Sue Carter Flinn
It probably comes as no surprise that an audience for a discussion about women and music would be filled with, well, women. Such was the case in mid-June when Melissa Auf der Maur led a thoughtful conversation at Toronto’s NXNE festival titled “Women in Music: More Than Ever Before.”
Auf der Maur was joined by Yamantaka // Sonic Titan drummer Alaska B. and Jasamine White-Gluz and Laura Lloyd from Montreal shoegazers No Joy. As the only dude on the panel, Toronto Star music writer Ben Rayner rose to the challenge, adding thoughtful responses as a media insider (apparently, many journalists still think it’s amazing that women can play the drums and that it’s OK to waste your story lead describing the various comely attributes of a female singer).
Wearing a cherished Isis talisman around her neck, Auf der Maur came at the subject with positive energy, taking cues from a blog post she wrote for the Huffington Post stating: “Original, talented, independent and self-reliant, women are in the forefront of music today.”
And yet all three original, talented, independent women on the panel shared stories of gender bias, which I’m sure comes as no surprise to anyone, either (read Steph Guthrie’s blog post for a round-up of shit guys say to women musicians). In particular, Alaska B., who as a mixed-race trans woman in a radical (Polaris Prize–nominated!) band, says she feels like an outsider, “whichever way I turn,” describing how her first band in the Montreal punk scene used to receive death threats.
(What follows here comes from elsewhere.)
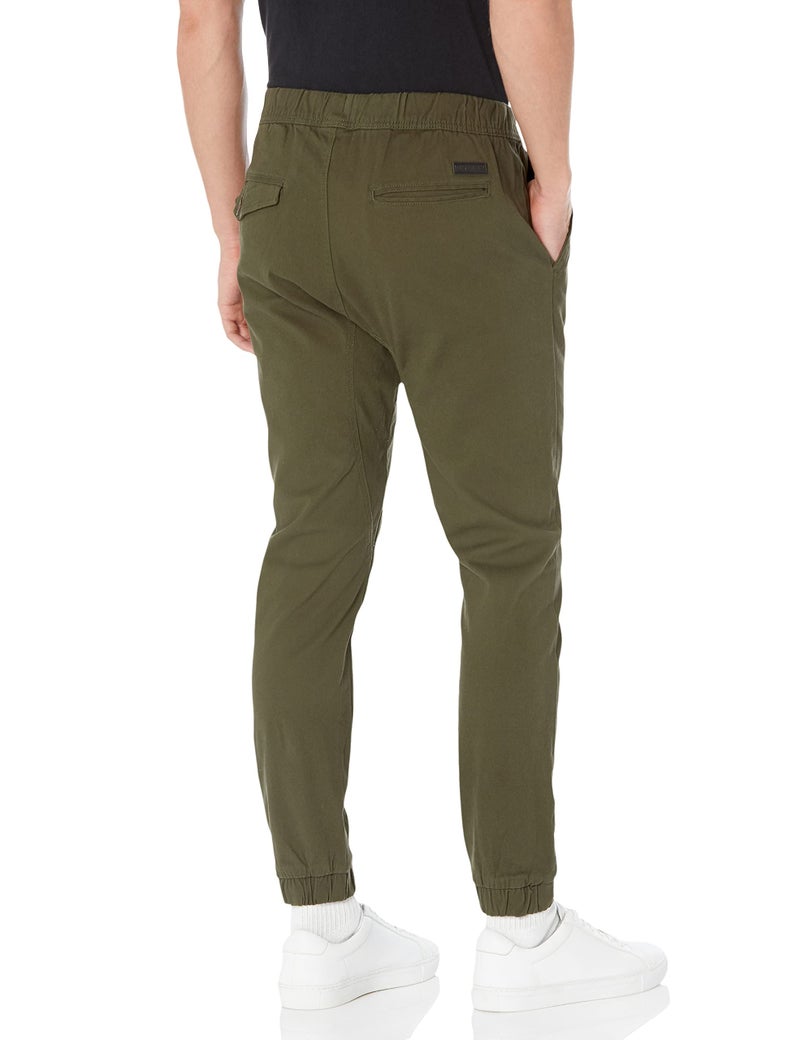 WT02 Men's Twill Jogger Pants, Olive, Medium - Image 2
It’s frightening that any artist should ever have to face that situation.
Perhaps not wanting to ruin Auf der Maur’s happy vibe, the panelists seemed to shrug it all off as an occupational hazard, preferring instead to focus discussion on the music itself.
But what happens if your songs aren’t being heard?
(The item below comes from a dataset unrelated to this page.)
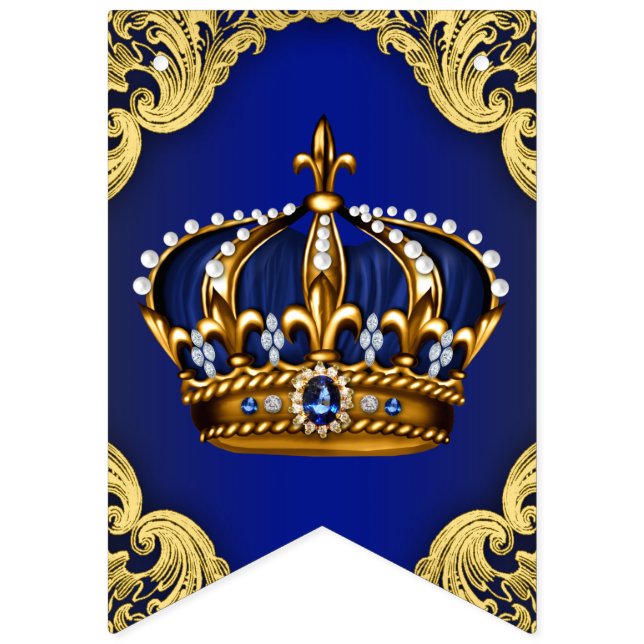 Bandeirinha Chá de fraldas Príncipe Crown (Primeira Bandeira)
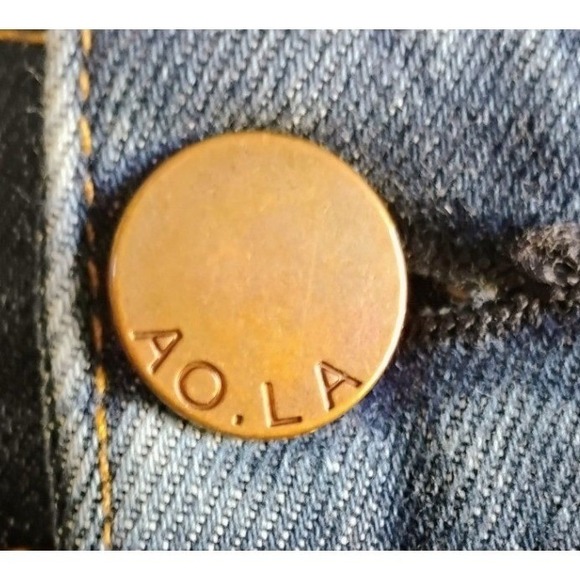 AO.LA by Alice + Olivia High Rise Straight Crop Jeans Size 27 Blue Raw Hem - Picture 3 of 9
Many of my women musician friends (and some members of the NXNE audience that day), have expressed frustrations with the lack of representation in music media and at festivals. Having sat on many juries, I know how the process goes, and I don’t think I’ve ever heard an organizer express concern that there are too many bros on stage.
So what can be done? Self-governing seems to work for literature. This week, Canadian Women in the Literary Arts released their second count of gender trends in Canadian book reviewing. The good news is that there are more women authors being reviewed and more women critics doing the reviews than last year when CWILA first pointed out some of the egregious gaps. It’s hard to say what really motivated some editors to examine the issue (Shame? Ego? Competitiveness? Or an honest attempt to correct the issue?), but as a first step, it seems to be effective.
Imagine if someone were to take on a gender count of reviews (and reviewers) in Canadian music publications, or tracked the number of women bands that appeared at festivals over the course of a year. Of course it doesn’t change the systemic reasons behind the bias, but maybe a few more people would get a chance to hear music created by women. And more women would get paid to play music. And be selected for prize shortlists. And maybe after a few rounds of this we won’t need any more panels telling us how far we’ve come.